I won't give up. How much I may relapse. I won't give up. I keep coming here. I keep fighting the pmo.
did you identify the reason?. what reality you are escaping from. Face them and find a solution. It'll work. It's never out of hands. Try to exhaust yourself. Take a nap. Urges are tools to increase self discipline and will power. You already did a awesome job. You can do that again.
Day 11 of no PM Day 80 of no alcohol or caffeine Day 48 of weight training - feeling great today after a good nights sleep. - off to the gym now to pump some iron - have a great fapfree day everyone
Hard to say, this challange helped me to see lot of things on me. And I know, that when this challange ends, Im probably not going to keep me off fapping forever. I realized, maybe thats not my goal. Now I know what sexual activities for me mean and I got lot of self control improvement. Im really glad that I took this challange, it really changed me but I dont have so negative opinion about fapping like lot of people here have (I accept that, it is completly okay, everybody is different). I got lot of information about my mind without fap and with strong urges, and now I know what sign of my body what means. I know that I can do everything I want and I know that I can now control me much easier. Thats for me win. After this challange Im not going to back to old days but also Im not going to say that Im going to stop M forever (P is another story and PM is really risky..). Honestly, I got little bit easier way than others because I have set only PM challange (I have GF..) but in future, maybe next school year I want to take full 90 days PMO challange, that is going to be really interesting! So, thanks for asking, bro I really needed to tell something but I didnt know how maybe.. wish everybody good luck
51/90 Had a great day. I learned a lot and had a music rehersal which was awesome. I also had a lot of energy, but the weirdest part of it is that I didn't slept a lot. I slept five hours and I woke up at 6am and I couldn't sleep.
K checking in guys. 2 days and having some urges. Not gonna lie here I did look at some stuff that wasn't fully there... but I don't consider that relapsing. I think the issue is that I don't really feel any remorse after relapsing and it gives a good dopamine rush. I understand that it's bad and I haven't got that far- just my self control. Also the fact that I'm still a teen - maybe that has something to do with it. I feel like nearly everyone has encountered pmo and stuff, I just can't really understand how they just stop? Or does that not happen? Theres stuff everywhere and unless you have parental controls theres like no way you can't just not find it out. Then does everyone do it? Im just putting some of my thoughts here and if you guys could pardon my rambling and punctuation... I'm feeling pretty good after writing that. Everytime I kind of "edge with the eyes" I relapse within a day. So I'm hoping that I can make it to 90 days - or I will make it to 90 days. And not relapse at 90 days because I feel like I deserve it. Though that question of what others do is still bothering me. I guess I shouldn't compare myself to others. Well 2 days.

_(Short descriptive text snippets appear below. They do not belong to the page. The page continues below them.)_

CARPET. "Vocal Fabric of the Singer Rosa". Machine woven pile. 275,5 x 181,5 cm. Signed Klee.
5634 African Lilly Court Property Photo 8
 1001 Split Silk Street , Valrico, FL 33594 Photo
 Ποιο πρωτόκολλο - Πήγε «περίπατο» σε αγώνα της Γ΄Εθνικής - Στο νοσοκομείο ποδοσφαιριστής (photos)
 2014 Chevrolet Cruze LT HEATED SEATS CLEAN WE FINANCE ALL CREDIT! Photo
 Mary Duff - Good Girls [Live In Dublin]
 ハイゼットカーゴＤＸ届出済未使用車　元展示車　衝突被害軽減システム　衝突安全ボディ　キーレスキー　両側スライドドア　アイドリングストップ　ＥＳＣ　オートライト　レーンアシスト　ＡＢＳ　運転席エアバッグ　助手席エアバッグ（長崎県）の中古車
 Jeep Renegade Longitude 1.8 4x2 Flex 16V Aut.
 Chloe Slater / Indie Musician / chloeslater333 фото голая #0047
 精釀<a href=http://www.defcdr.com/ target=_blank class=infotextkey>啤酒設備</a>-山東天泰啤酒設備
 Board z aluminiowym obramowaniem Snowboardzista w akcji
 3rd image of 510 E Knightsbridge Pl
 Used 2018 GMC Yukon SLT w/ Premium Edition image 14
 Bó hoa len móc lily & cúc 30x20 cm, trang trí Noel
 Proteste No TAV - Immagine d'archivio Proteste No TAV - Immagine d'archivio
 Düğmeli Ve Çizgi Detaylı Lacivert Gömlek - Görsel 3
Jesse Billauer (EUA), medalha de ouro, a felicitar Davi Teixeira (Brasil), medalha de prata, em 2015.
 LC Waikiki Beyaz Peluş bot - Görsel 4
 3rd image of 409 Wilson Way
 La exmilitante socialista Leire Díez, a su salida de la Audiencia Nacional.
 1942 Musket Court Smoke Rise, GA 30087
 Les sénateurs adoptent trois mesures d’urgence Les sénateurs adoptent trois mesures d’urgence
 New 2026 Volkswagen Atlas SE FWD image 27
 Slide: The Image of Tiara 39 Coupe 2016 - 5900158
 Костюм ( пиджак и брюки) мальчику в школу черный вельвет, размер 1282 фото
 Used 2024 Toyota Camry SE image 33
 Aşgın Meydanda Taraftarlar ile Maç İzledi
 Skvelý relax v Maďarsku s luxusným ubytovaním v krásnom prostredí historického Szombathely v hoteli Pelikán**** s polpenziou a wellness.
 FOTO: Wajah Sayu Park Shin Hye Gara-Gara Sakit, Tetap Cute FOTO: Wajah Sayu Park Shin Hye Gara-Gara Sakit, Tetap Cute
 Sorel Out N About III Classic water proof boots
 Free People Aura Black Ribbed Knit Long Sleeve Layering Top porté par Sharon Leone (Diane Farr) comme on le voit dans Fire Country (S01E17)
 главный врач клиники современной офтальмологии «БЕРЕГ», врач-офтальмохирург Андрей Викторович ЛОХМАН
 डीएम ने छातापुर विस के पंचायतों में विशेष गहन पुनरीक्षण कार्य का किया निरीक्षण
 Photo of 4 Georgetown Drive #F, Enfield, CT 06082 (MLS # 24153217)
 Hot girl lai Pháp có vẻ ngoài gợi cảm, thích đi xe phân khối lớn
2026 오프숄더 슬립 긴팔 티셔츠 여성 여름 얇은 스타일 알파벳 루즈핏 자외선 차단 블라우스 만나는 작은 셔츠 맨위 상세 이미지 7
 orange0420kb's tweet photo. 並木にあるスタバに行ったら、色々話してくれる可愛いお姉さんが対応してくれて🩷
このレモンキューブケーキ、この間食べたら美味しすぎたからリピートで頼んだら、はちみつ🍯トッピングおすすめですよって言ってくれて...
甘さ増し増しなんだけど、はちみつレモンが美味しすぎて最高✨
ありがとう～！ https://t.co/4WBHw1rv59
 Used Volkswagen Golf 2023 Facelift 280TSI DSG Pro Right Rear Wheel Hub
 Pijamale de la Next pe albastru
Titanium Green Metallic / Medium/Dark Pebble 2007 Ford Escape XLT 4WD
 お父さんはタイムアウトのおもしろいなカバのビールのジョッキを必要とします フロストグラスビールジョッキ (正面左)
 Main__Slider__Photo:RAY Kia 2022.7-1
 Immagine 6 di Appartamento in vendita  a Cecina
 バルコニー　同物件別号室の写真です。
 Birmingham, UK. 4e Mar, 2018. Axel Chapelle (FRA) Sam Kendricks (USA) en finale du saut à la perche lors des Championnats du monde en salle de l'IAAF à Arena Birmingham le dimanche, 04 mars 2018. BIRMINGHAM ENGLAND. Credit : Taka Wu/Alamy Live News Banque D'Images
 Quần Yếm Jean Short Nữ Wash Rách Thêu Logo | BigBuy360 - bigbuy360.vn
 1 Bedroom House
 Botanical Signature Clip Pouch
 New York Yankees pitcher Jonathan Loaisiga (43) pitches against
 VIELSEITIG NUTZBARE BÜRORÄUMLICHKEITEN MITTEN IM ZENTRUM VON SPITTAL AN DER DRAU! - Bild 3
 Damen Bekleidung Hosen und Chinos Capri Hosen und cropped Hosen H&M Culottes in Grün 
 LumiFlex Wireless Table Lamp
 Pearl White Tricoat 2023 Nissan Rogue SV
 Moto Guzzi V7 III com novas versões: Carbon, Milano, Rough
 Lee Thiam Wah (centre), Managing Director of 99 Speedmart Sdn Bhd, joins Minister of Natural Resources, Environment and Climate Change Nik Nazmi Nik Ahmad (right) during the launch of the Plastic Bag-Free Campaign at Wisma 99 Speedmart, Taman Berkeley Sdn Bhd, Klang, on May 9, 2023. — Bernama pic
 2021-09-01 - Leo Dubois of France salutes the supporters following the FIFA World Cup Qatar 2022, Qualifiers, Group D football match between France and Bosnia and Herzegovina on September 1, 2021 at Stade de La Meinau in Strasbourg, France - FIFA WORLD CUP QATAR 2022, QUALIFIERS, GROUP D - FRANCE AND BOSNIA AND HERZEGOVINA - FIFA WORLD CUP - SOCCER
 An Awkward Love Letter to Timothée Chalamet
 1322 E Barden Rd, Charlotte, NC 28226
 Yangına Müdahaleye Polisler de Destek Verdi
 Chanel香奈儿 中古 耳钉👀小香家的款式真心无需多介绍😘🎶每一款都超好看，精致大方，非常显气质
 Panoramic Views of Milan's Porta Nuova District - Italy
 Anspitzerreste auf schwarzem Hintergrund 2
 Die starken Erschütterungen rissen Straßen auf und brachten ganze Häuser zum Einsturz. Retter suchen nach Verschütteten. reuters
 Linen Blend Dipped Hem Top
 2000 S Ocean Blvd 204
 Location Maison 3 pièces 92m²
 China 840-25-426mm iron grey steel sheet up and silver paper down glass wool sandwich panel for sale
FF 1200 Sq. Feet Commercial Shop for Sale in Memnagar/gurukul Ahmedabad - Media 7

Relapsed. Porn is not that dopamine rush, not that good feeling you get... It's a big company playing on your weaknesses to earn money. Don't get caught in the net. When tomorrow becomes today I will become a better person. I make better habits and not waste time. I will not pmo.
Day 87/90. Checking in. Highs and lows come and go. I don't let emotions and feelings guide you. I need to guide your emotions and feelings.